I open my eyes, and I immediately realise that nothing has changed overnight. There is still a huge ache in my chest, and one all-consuming thought in my mind: Thomas. Although it is still very early- the sun has hardly risen – I know I have to get up. If I stay in bed, I will start to think about my baby. I will wonder if I will survive Thomas’ death and the tears will again begin to flow. I don’t want to start the day in a melancholy mood without hope, so I swing my legs over the side of the bed and get moving.
I shower and dress and eat breakfast automatically, and soon I find myself standing in the kitchen. A wave of grief sweeps through me, but I set my lips firmly together and I banish all thoughts of my baby. Instead, I think about washing the dishes.
But a voice says, “Give in. Cry!”
And the tears start to seep from my eyes.
“Who can be expected to shoulder this burden? It’s too much. No one cares that you’re hurting so much. Give in. It will never get any better.”
The tears are flowing freely now and I sob. I want to sink to the floor, allowing my misery to overcome me. I want to cry, “It’s all too difficult. I’ve had enough.” I want to despair.
But I don’t.
I start to say, “Saint Michael the Archangel, defend us in the battle.

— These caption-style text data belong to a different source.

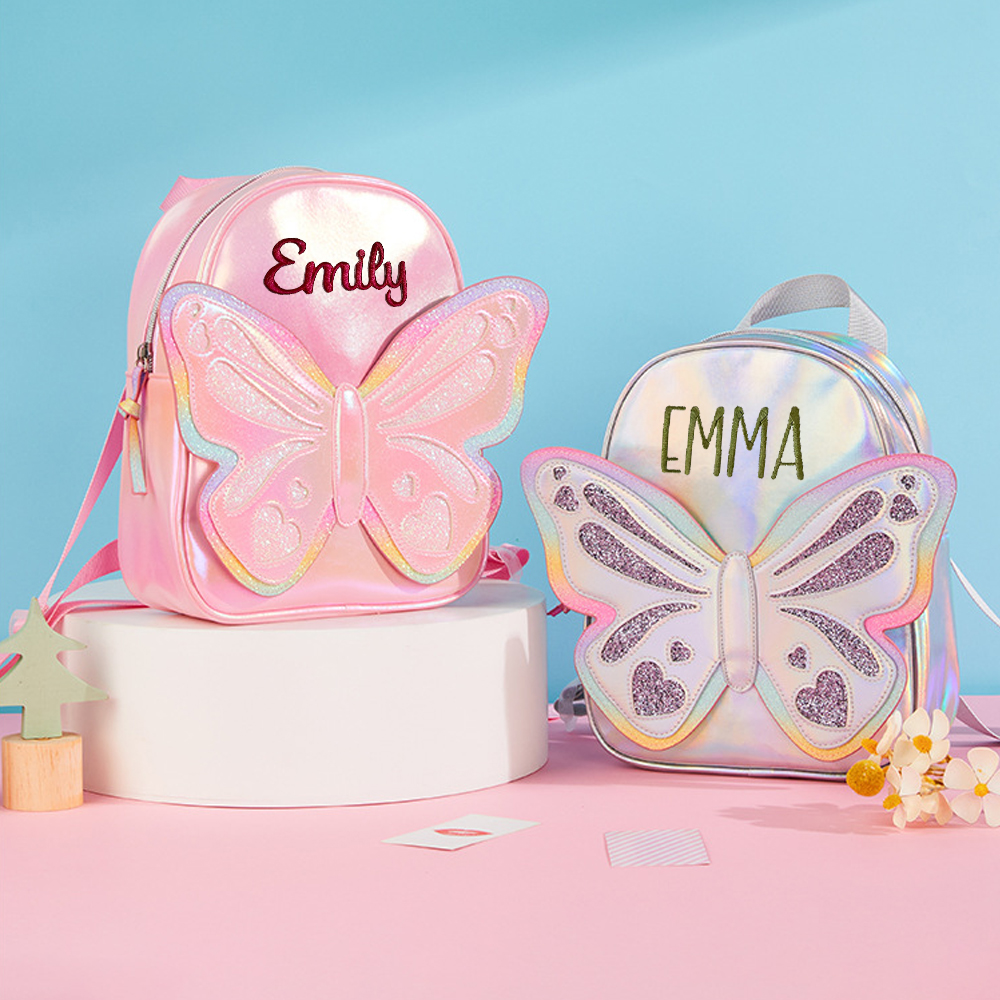 Personalized Butterfly Embroidered Backpack
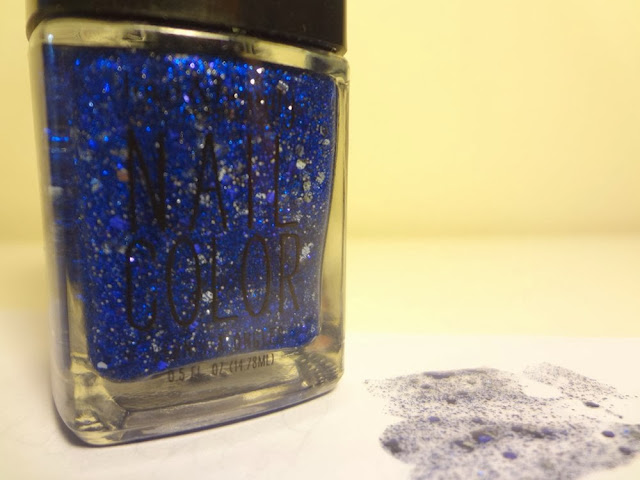 Forever21 nail polish, blue and silver glitter
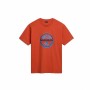 Camiseta de Manga Corta Hombre Napapjiri S-Bollo Ss 1 Naranja de Napapjiri, Hombre - Ref: S64139497, Precio: 33,23 €, Descuen...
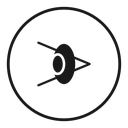 Eye side icon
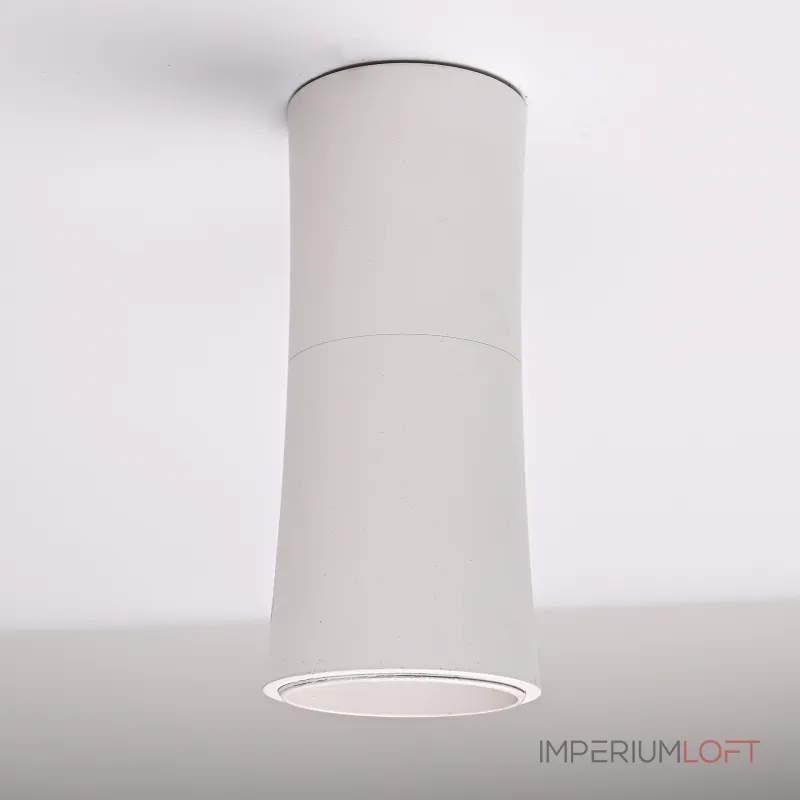 Потолочный светильник Zyppa White H12 от ImperiumLoft синего цвета с круглым деревянным элементом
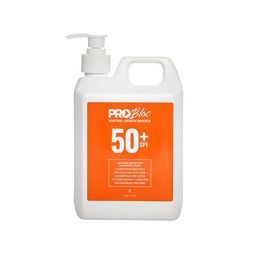 Pro Bloc Sunscreen 50+ 1ltl Pump Bottle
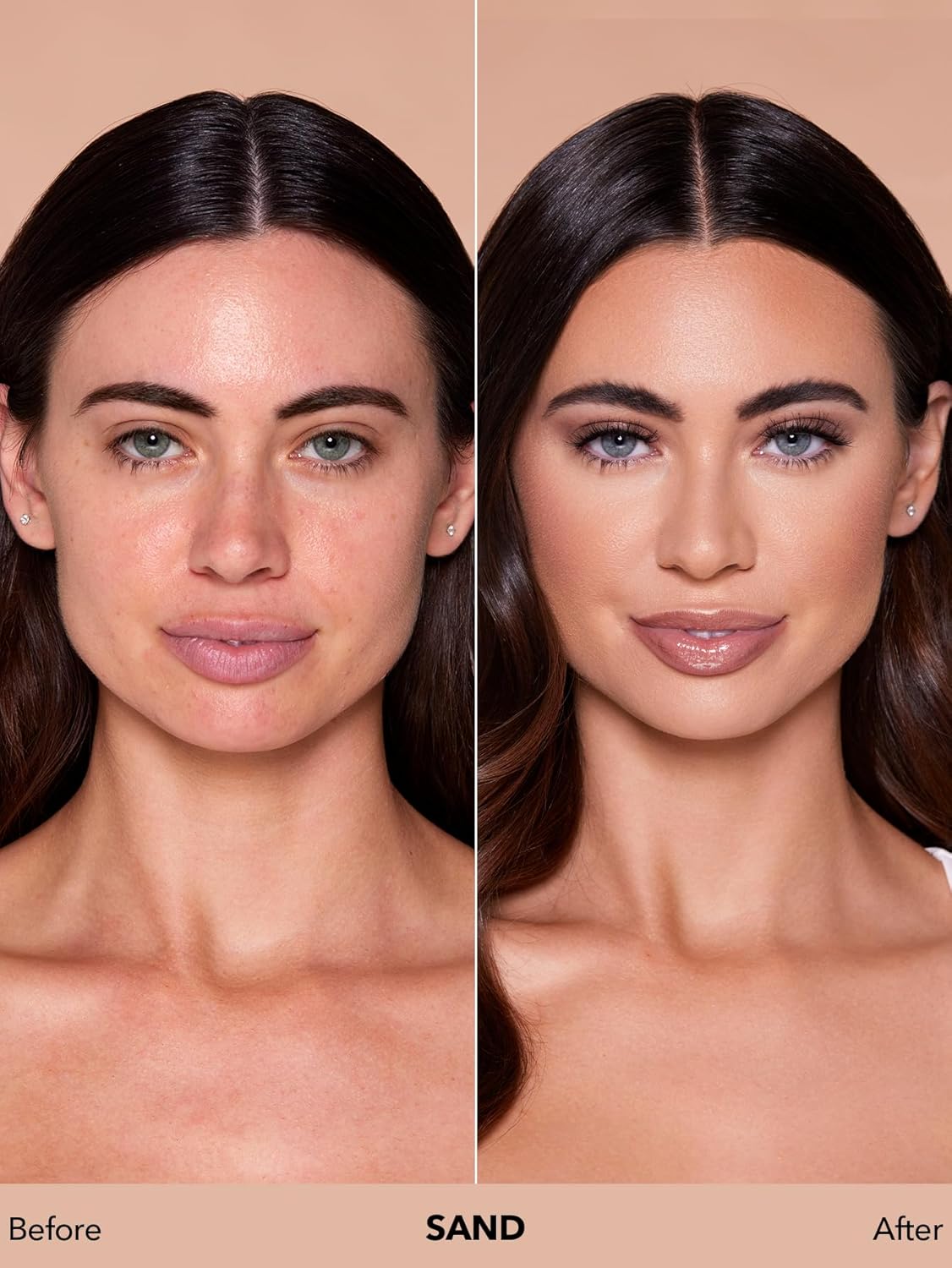 SHEGLAM Skinfinite Hydrating Foundation Flawless Dewy Foundation Hydrating Coverage Invisible Pore Concealer Pore-less Non-Greasy Lightweight Natural Soft Liquid Foundation-Sand - Image 3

Be our protection against the malice and the snares of the devil…”
I put one foot in front of the other and keep going, and somehow I make it through this difficult moment. I call upon St Michael the Archangel many times, and I keep moving through the day, until it finally ends.
As I climb into bed, I think about the next day and the next and the next… How long will I have to keep struggling through this dark grief-filled world? Will it really get any better?

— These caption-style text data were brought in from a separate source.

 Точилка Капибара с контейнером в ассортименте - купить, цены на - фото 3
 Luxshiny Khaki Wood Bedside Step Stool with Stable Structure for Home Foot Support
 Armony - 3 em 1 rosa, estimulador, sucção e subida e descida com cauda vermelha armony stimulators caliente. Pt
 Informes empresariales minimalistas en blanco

And then I realise something. I have survived another day.
I hear a voice, “Don’t look ahead. Take one day at a time. That’s all you have to do. You’re doing well.”
And I reply, “Jesus, I trust in you.”
Saint Michael the Archangel,
defend us in the battle.
Be our protection against the malice and snares of the devil.
May God rebuke him, we humbly pray;
and do Thou, O Prince of the Heavenly Host,
by the Divine Power of God,
cast into hell Satan and all the other evil spirits
who roam through the world seeking the ruin of souls.
Please share more of my grief posts at my blog, Sue Elvis Writes
I understand completely your pain I lost my baby Jeremiah and is hard when I think I’m good I noticed that it still hurts more my heart just breaks more I cry more tears just come out …..But day by day …im trying to move forward.
Andrea, I am so sorry for your loss and the pain you are enduring at the moment. I wrote this post the other day, but I lost my son some years ago. Even though time has passed, I still remember vividly the feelings of near-despair I had. It was hard to believe sometimes that I’d ever feel happy again. I thought I would never survive the pain. I did make it through to the other side though. I just kept praying and trying to plod on, and gradually I felt the burden become lighter.
Yes, I also remember how some days I’d feel good. I would think the worse was over, and then I’d fall back down into that pit of grief again. The tears would flow and my heart too felt like it was breaking all over again. As the months passed though, days like this became further and further apart. I started to hope and even believe I’d survive.
One day at a time, that’s all we have to focus on. That’s all we have the energy to face. Andrea, I will keep you in my prayers. I hope you can keep moving forward, and one day you will be able to smile as you think of Jeremiah. God bless you!